Pranav Lele, Sahil Qureshi and Shrutika Chandwani
Pranav Lele, Sahil Qureshi and Shrutika Chandwani

Later, the NDRF jawans searched the spot and confirmed that it was the car. A crane was used to pull out the car from the water. However, the cable snapped due to the excess weight of the three bodies in the car and it fell into the river again. Another crane was then brought in to pull out the car around 1.30 pm. While Lele’s body was recovered from the front seat, Qureshi and Chandwani’s bodies were spotted on the back seat. Officials say that the window by Buch’s seat was open.

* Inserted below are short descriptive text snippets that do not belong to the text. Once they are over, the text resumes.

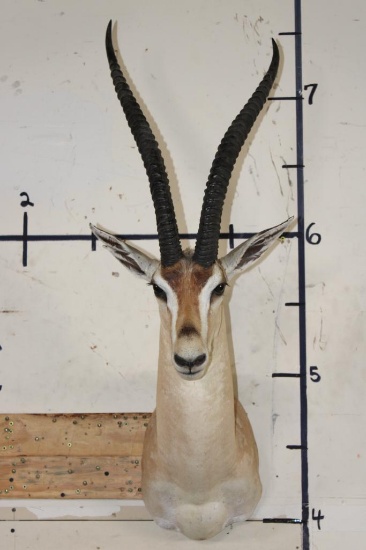 GRANT'S GAZELLE Shoulder Mount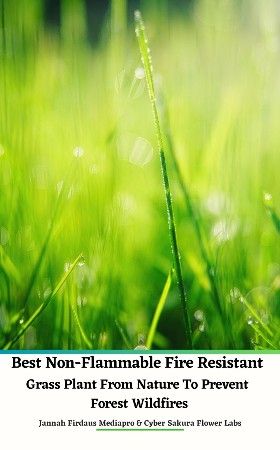 Cover: Best Non-Flammable Fire Resistant Grass Plant From Nature to Prevent Forest Wildfires Hardcover Edition - Mediapro, Jannah Firdaus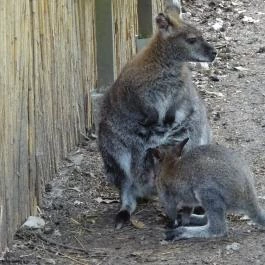 Miskolci Állatkert, Miskolc - 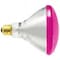 Ilc Replacement Halogen Bulb, 100W, 120V, PAR38, E26 Medium Screw Base LIGHT BULB / LAMP 100PAR/PK - alternate 2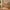 Sif Snedker-bureau met bureaubladplank van massief FSC-beukenhout – natuurlijke olie B55 x H94 x L126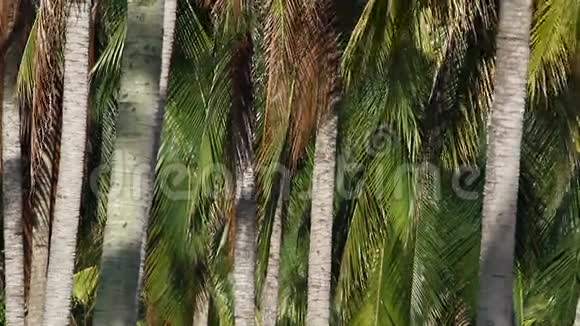 椰子园视频的预览图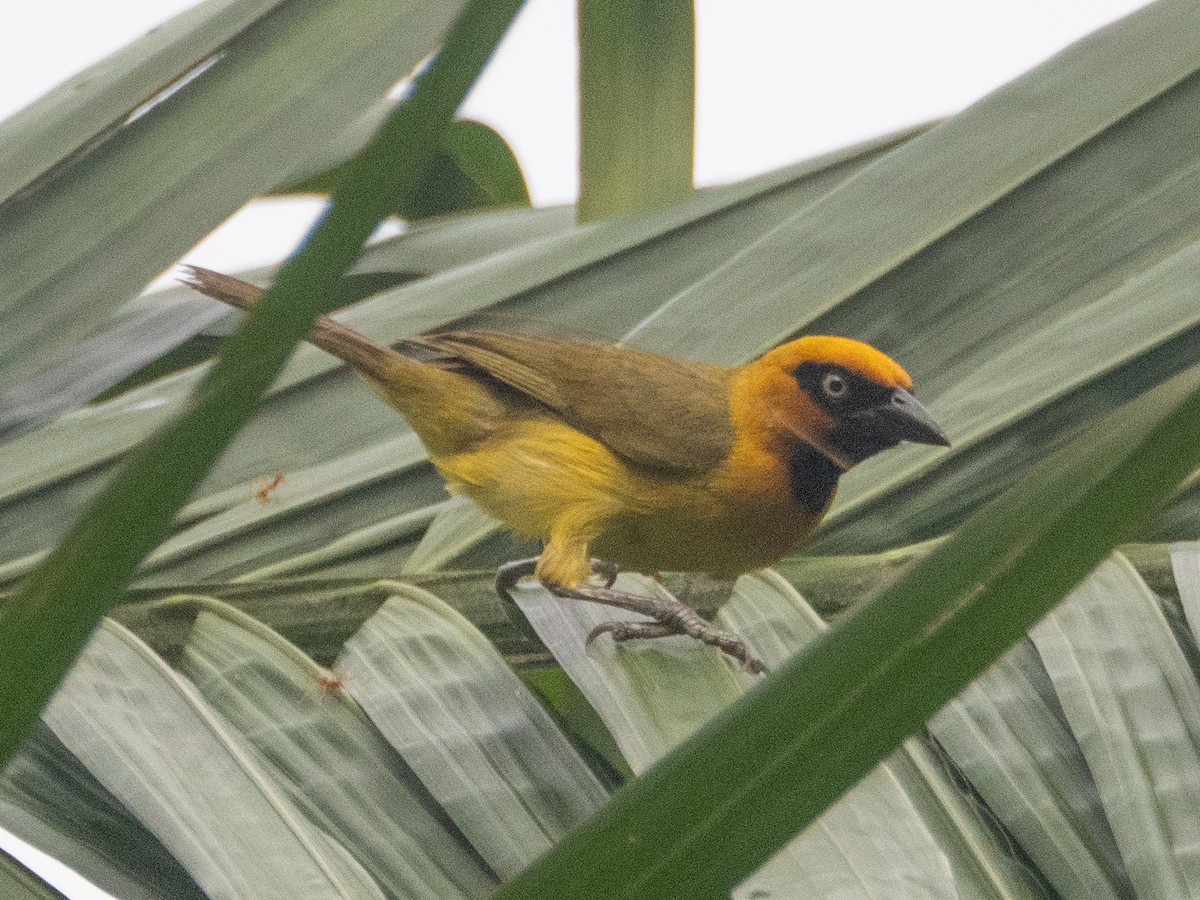 Olive-naped Weaver - ML634161672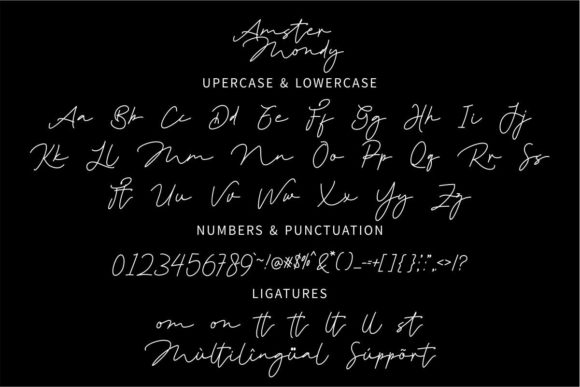 Amster Mondy Font Poster 2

Deputy Superintendent of Police Milind Mohite said, “They must have been driving at the speed of around 100 kmph. The car must have jumped off the divider and fell into the river from the gap between the two bridges. Chintan might have tried to jump out of the car by opening the window. He was known to be a good swimmer. But he did not have gauged the distance to the banks and drowned due to exhaustion.”

Norms flouted
A survey of the spot near the Nira river bridge done by the highway police revealed gross negligence on part of the National Highway Authority of India (NHAI) and district officials in implementing traffic diversions, which they said claimed four lives. The road widening work on the Pune-Satara highway has been going on for the last three years and the old bridge on Nira river was also under repair. Superintendent of Police (Highway) Dilip Bhujbal said, “The spot where the mishap occurred does not have any history of accidents. 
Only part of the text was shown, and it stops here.